Laleh Seddigh, Iranian race car champion, is on her way to the big screen. I know I’ll be watching the documentary about her—yes, her. The New York Times profiled her in 2005, when she sped and swerved to defeat all her opponents to win Iran’s national auto racing champion:
[To compete,] she petitioned the national auto racing federation in this male-dominated society for permission to compete against men. When it was granted, she became not only the first woman in Iran to race cars against the opposite sex, but also the first woman since the Islamic Revolution here to compete against men in any sport.
Seddigh also has a Bachelor’s degree in Industrial Management, a Master’s in Industrial Production, and is in the last year of her PhD studies in Industrial Production.

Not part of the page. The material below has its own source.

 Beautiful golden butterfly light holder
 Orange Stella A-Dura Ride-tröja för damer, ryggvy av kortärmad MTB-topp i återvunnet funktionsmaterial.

And she's giving Ahmadinejad a hardliner-headache: by allowing and subsidizing the production of the film he seems to have found himself on his party's left flank.
Seddigh is not the only one breaking these boundaries. +972 profiled five Palestinian women who compete in race car championships in the West Bank. They, too, are the only women in their field—and they, too, have a movie deal.
“Cars have a lot of symbolism in terms of freedom,” says Fares, director of the forthcoming film. Maybe that’s why, in Saudi Arabia, women still aren’t allowed to drive them. These films likely won’t be making the rounds there.